* [DATA TO USE]:
______________________________
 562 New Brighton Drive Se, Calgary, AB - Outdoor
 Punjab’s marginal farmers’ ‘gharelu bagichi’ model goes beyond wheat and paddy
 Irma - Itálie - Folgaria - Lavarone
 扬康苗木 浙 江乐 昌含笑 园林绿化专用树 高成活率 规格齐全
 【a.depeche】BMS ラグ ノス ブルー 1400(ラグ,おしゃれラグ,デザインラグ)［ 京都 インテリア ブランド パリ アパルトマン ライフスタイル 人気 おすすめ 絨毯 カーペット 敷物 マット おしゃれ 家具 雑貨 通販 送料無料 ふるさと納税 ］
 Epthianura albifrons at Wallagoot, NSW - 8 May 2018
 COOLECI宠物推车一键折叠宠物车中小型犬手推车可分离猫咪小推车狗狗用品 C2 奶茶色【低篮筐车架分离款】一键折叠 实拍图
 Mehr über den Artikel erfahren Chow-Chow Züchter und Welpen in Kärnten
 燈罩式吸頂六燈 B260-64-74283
______________________________
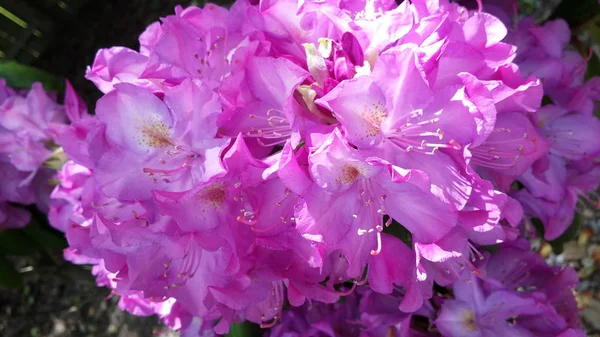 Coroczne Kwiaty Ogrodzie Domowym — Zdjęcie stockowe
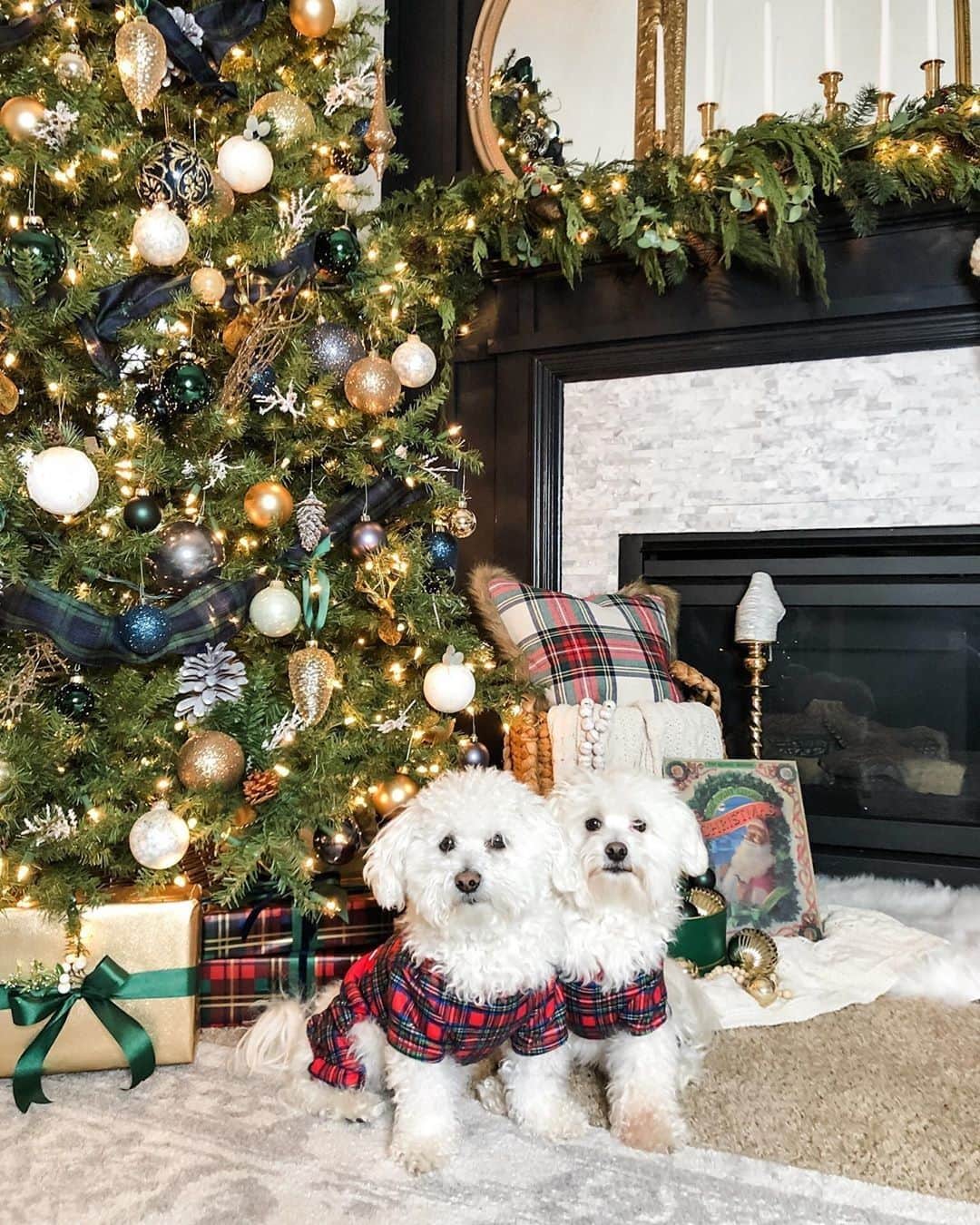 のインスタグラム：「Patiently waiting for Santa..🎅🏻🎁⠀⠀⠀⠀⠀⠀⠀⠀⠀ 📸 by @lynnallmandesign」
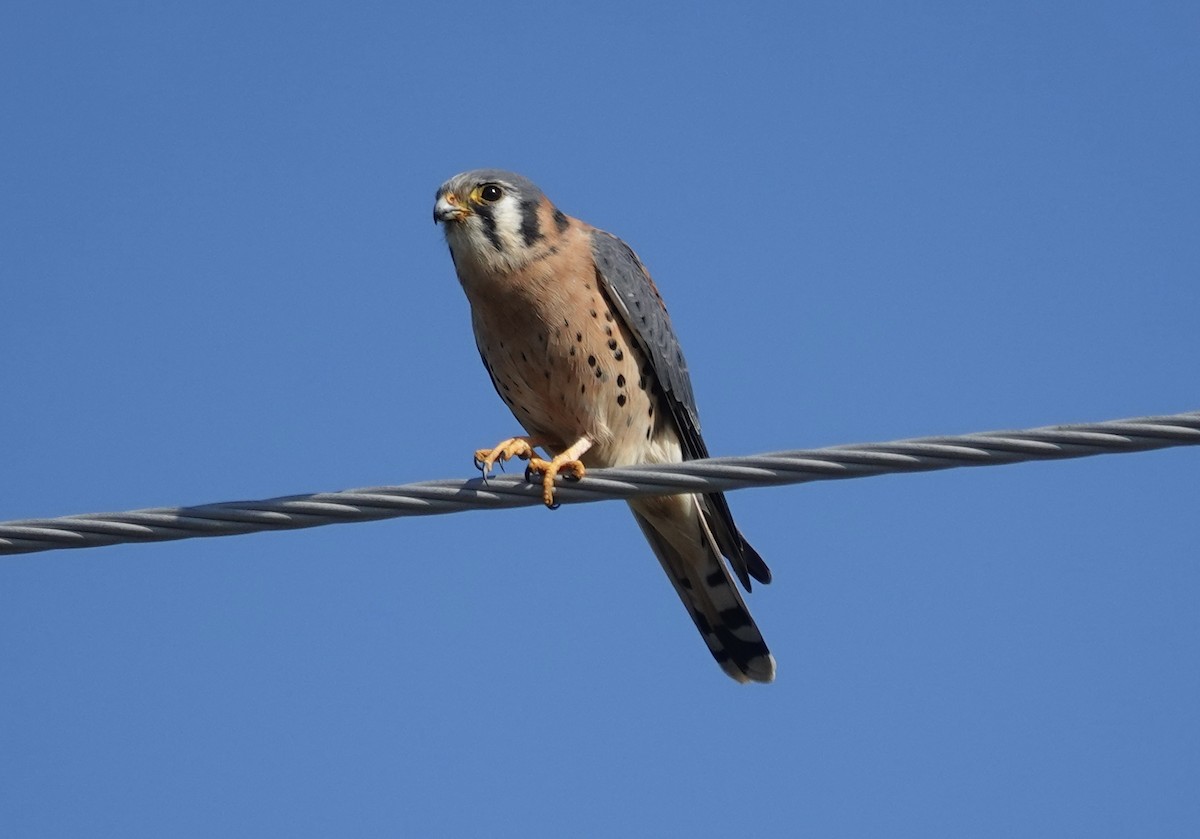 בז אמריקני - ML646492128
______________________________
* [WORK INSTRUCTION]: A word-for-word copy of the lines above from the one with "Irma - Itálie - Folgaria - Lavarone" through the one with "Epthianura albifrons at", inclusive, is the only output wanted.

* [RESULT BELOW]:
 Irma - Itálie - Folgaria - Lavarone
 扬康苗木 浙 江乐 昌含笑 园林绿化专用树 高成活率 规格齐全
 【a.depeche】BMS ラグ ノス ブルー 1400(ラグ,おしゃれラグ,デザインラグ)［ 京都 インテリア ブランド パリ アパルトマン ライフスタイル 人気 おすすめ 絨毯 カーペット 敷物 マット おしゃれ 家具 雑貨 通販 送料無料 ふるさと納税 ］
 Epthianura albifrons at Wallagoot, NSW - 8 May 2018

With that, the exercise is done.